Em caso de descumprimento da decisão, o banco será multado em R$ 20 mil
por dia.
Processo
A
ação judicial foi protocolada, inicialmente, na 6.ª Vara Federal em
Goiânia/GO, que deu razão ao Ministério Público Federal. O MPF entendeu
que a cláusula contestada afronta o artigo 649 do Código de Processo
Civil (CPC) - que prevê a impenhorabilidade das verbas alimentares - e o
artigo 70 da Constituição, configurando “prática abusiva no mercado de
consumo”. Também pediu a restituição dos valores, em dobro, baseada no
artigo 42 do Código de Defesa do Consumidor.
Em
recurso ao TRF, a Caixa sustentou não haver ilegalidade na
cláusula-tipo, por não se tratar de “penhora” e sim de uma negociação
legítima pactuada entre as partes para solucionar eventual inadimplência
e afastou a afirmativa de abusividade ou “desvantagem exagerada ao
consumidor”. Alegou, ainda, a incompetência do MPF para apresentar a
ação civil pública e pediu que, se acaso fosse vencida, a decisão do TRF
valesse apenas no âmbito territorial onde a ação foi proposta, sem
abrangência nacional.
Todas
as alegações, contudo, foram derrubadas pelo relator da ação no
Tribunal. No voto, o desembargador federal Souza Prudente, reforçou o
entendimento de que a Caixa, ao vincular o empréstimo a um bem do
cliente - o dinheiro -, criou um vínculo “real” e não “pessoal”. Dessa
forma, com base no artigo 1.419 do Código Civil (CC), a cláusula deve
ser reconhecida como “penhor” e se submeter às suas regras legais.
Assim, conforme previsto no artigo 1.424 do CC, o contrato deveria
estipular, entre outros pontos, as “especificações do bem dado em
garantia”, o que não está explícito nas condições contratuais.
“O
que se constata, na verdade, é que a CEF tentou instituir em seu favor
uma garantia real semelhante à que a lei concede aos hospedeiros,
fornecedores de pousada e alimento e aos locadores de imóveis, a qual
não exige a prévia especificação dos bens e permite
auto-executoriedade”, citou o relator.
Com
relação aos empréstimos consignados de aposentados e pensionistas do
INSS, no entanto, Souza Prudente reconheceu a legalidade do desconto em
folha, mas somente até o limite de 30 por cento do benefício e para os
contratos firmados a partir do dia 28 de setembro de 2004. Nesta data,
foi publicada a Lei 10.953/2004, que instituiu as mudanças na Lei
10.820/03 e autorizou a retenção dos valores.
Legitimidade
Ao
discorrer sobre a competência do MPF para protocolar a ação civil
pública, o relator destacou que o órgão agiu dentro de suas atribuições
constitucionais ao defender direitos individuais homogêneos, decorrentes
de origem comum: no caso, os direitos dos consumidores, previstos nos
artigos 81 e 82 do Código de Defesa do Consumidor.
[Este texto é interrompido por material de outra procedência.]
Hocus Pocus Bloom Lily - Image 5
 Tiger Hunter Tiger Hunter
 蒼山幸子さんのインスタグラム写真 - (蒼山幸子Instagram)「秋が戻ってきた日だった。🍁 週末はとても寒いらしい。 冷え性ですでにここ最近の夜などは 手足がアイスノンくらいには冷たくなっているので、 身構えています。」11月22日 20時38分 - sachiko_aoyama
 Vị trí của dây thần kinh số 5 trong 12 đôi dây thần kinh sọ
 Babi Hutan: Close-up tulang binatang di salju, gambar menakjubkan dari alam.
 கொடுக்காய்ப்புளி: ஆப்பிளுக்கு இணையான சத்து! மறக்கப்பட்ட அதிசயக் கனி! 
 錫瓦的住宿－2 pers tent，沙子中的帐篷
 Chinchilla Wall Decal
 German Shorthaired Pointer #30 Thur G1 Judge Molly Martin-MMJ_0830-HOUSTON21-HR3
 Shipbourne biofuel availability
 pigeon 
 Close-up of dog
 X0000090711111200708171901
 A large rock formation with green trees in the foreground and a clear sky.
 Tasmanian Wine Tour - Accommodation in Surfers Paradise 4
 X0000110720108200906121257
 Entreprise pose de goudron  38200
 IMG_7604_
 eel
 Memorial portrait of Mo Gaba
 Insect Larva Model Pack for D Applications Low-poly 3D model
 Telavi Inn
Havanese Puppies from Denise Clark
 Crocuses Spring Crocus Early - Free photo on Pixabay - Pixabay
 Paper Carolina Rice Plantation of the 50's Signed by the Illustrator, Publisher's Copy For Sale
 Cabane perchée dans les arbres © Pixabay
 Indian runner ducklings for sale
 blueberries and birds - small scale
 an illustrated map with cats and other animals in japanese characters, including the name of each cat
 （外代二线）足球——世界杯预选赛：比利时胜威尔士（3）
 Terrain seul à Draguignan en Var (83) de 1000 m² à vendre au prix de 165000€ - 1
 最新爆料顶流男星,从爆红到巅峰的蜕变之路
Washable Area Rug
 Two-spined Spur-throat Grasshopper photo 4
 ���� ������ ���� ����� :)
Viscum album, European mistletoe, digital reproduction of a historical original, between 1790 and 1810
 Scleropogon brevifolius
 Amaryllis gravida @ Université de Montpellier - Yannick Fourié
A Lei Complementar
75/1993 também garante a atuação do MPF em questões que envolvam o
sistema financeiro nacional. Esse entendimento já foi, inclusive,
consolidado pelo Superior Tribunal de Justiça (STJ).
O
desembargador federal Souza Prudente frisou, ainda, que a ação civil
pública deve ser aplicada não apenas em observância à sua lei
disciplinar - Lei 7.347/85 - mas a partir da Constituição como
instrumento de defesa da cidadania. “No caso concreto, a discussão gira
em torno de suposta abusividade de cláusula inserida em contrato de
mútuo (...). Trata-se, sem qualquer dúvida, de interesses individuais
homogêneos para o que o Ministério Público está legitimado a defender,
podendo lançar mão da ação civil pública”, enfatizou.
Sobre
o argumento de que a anulação da cláusula deveria valer apenas no
âmbito territorial da Seção Judiciária de Goiás (SJGO), o magistrado
citou decisões anteriores do TRF e do STJ para afirmar que as ações
coletivas que visam proteger interesses difusos ou coletivos devem ter
repercussão em todo o território nacional.
Dessa
forma, os três desembargadores federais que compõem a 5.ª Turma do
Tribunal decidiram pela anulação da cláusula constante nos contratos da
Caixa. O único ponto divergente, em que o relator foi voto vencido, diz
respeito à prescrição. Por defender a “anulabilidade” - ao invés da
“nulidade” - do dispositivo contratual, os magistrados Selene de Almeida
e João Batista Moreira se basearam no artigo 178 do Código Civil para
estipular em quatro anos o prazo prescricional da medida.